Return the lines of the material below exactly, beginning with the line that has "Фото номера Двухместный" in it and finishing with the line that has "[อร่อยซ่ากับโค้ก] กะเพราหน่อไม้หมูสับ +" in it. Leave all pictures aside.

§ **INPUT MATERIAL**
• • • •

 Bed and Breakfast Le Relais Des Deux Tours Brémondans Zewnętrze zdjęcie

• • • •

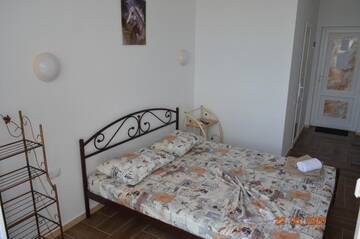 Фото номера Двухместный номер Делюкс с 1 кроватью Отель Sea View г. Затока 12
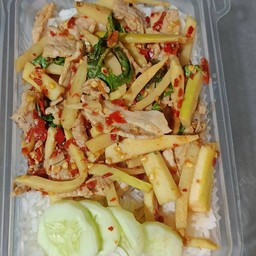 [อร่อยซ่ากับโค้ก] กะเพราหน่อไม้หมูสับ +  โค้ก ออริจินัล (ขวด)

• • • •

§ **EXPECTED ANSWER**
 Фото номера Двухместный номер Делюкс с 1 кроватью Отель Sea View г. Затока 12
 [อร่อยซ่ากับโค้ก] กะเพราหน่อไม้หมูสับ +  โค้ก ออริจินัล (ขวด)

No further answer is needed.